Si conocen a algún socialista que todavía ayer esperaba el milagro de una remontada, les rogaría que nos ayudasen a localizarlo: se merece un homenaje al optimismo antropológico. Y si no puede ser, al menos que le hagamos un reportaje para saber cómo piensa el único ciudadano en toda España que no se aventuraba el descalabro.
Pese a sus esperanzas, las elecciones más amortizadas de la historia de la democracia han terminado como esperaba cualquiera que no fuera un hooligan recalcitrante del puño y la rosa: con el PP abrazado a la mayoría absoluta y con los socialistas sumidos en una depresión del tamaño de las fosas marianas.
El miedo a los recortes apocalípticos funciona mal en un país que se ha convertido en una máquina de registrar parados.
El resultado es la ascensión a los altares de la Moncloa de un registrador de la propiedad que ha seguido enfebrecido esa máxima de Cela de que "el que resiste, gana", y la caída estrepitosa de un político talentoso y experimentado, Alfredo Pérez Rubalcaba, que podría decir en su descargo que él no vino a luchar contra los elementos y que lo que no puede ser, no puede ser y además es imposible.
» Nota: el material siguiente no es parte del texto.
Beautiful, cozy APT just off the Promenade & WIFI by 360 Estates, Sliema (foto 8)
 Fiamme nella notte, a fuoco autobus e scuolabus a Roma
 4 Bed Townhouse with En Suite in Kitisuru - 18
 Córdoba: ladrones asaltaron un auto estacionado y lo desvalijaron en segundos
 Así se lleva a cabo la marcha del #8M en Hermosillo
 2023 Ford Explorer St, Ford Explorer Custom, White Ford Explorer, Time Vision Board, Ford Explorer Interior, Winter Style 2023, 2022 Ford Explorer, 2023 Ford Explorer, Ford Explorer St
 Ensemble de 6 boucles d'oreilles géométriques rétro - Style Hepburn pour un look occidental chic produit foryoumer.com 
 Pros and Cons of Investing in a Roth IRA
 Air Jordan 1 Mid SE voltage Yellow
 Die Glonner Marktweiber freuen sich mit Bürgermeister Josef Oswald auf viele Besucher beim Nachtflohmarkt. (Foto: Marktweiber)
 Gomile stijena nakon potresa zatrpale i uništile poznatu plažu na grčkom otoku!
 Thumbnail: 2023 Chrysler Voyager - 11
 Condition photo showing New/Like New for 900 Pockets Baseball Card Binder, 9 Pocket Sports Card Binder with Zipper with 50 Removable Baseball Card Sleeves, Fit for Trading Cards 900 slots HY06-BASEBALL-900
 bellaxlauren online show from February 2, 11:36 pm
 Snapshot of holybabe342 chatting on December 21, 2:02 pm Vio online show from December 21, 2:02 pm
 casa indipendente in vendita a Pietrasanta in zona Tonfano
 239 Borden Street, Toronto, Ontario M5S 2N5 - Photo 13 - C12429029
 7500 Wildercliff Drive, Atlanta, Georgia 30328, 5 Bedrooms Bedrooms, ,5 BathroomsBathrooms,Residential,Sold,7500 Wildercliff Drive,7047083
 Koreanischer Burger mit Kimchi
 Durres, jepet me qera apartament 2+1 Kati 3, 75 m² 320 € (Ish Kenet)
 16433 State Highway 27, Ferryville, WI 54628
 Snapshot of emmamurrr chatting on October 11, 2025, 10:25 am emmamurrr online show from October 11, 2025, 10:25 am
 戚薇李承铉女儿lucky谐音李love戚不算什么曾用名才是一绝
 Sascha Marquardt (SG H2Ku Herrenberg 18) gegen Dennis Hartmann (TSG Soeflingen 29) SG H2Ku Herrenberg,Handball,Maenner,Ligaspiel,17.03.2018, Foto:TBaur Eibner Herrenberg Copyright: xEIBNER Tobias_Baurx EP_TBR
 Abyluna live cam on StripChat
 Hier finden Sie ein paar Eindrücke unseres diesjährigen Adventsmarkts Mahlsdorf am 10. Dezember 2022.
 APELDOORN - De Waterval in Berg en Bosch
Ahora viene lo difícil para un PP que acumula el mayor caudal de poder absoluto de toda su historia. Rajoy se ha comportado durante los últimos meses como un maestro de la ambigüedad, el gurú de la indefinición calculada a base de sondeos. Pero ya no le vale. Ahora toca gobernar. Y eso significa decir qué es lo que va a hacer, cómo lo va a hacer y cuándo lo piensa hacer. Exactamente todo lo que se ha negado a decir hasta ahora para no enturbiar esta victoria abrasadora lograda ayer en las urnas. Enhorabuena y, por la cuenta que nos trae, suerte, muchísima suerte.